Measuring emotion?

The always interesting ecustomerserviceworld newsletter (I think that link is valid for two weeks) talks about Gallup’s survey methods.

One Gallup study demonstrated that a mid-sized bank could add $256 million to its total of customer balances on deposit by drawing higher (emotional) attachment scores from 50 000 customers.

Reading this reminds me of Denis Healey’s comment about watching your mother-in-law drive off a cliff… in your new car.

Should I be glad that here is some ammunition to show companies that emotions matter?

Or frustrated, because this is such a specious figure?

I tend to the latter. I question the idea that intangibles can be measured in this way. In life, much is unknowable and we must continuously use judgement and intution to progress. We don’t really need statistics to be good at dealing with people. Instead of spending a lot of money on measurements like this, I’d suggest a company spend more time really talking to its customers. Not “surveying” them.

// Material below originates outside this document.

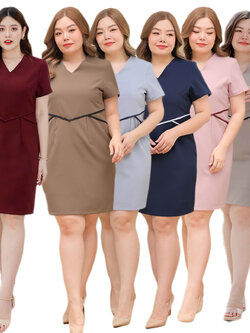 kudapy เดรสสั้นสีเทาฟ้า กรม ชมพู น้ำตาล มัทฉะ แดงเข้ม กิมมิคกุ๊นสลับสามเหลี่ยมที่เอว มีซับในทั้งตัว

Some will say, ah yes, but these figures are useful for dealing with hard-nosed businessmen who only value things with a price on them. That’s a classic shadow conversation. To the extent I want to engage with this, my guess is this: a businessman who doesn’t believe in valuing feelings isn’t going to look at this figure, having a damascene conversion and suddenly decide to be emotionally intelligent.

[UPDATE] Tom Guarriello expands on this theme with his usual eloquence:

Not that these experiences can’t be described empirically, just that they can’t be reduced to numbers and still retain their human qualities, which is, after all, what all of us are interested in learning about.

2 thoughts on “Measuring emotion?

  1. The TrueTalk Blog

    Reductio Ad Nauseum

    Johnnie Moore’s post today and the buzz surrounding Malcolm Gladwell’s Blink focus on an old problem: logical positivism. What’s that? Well, basically an approach to reality that says, “if I can’t measure it, it’s not real.” And, of course, numbers

    Reply
  2. Evelyn Rodriguez

    Johnnie, I agree with you on the shadow stuff. Many folks don’t want to talk about the emotional touchy-feely stuff themselves and citing that “THEY” won’t buy into it is often a good cover. I think the most succesful executives clearly have an ease with people that certainly doesn’t arise simply from pain-staking, rational analysis.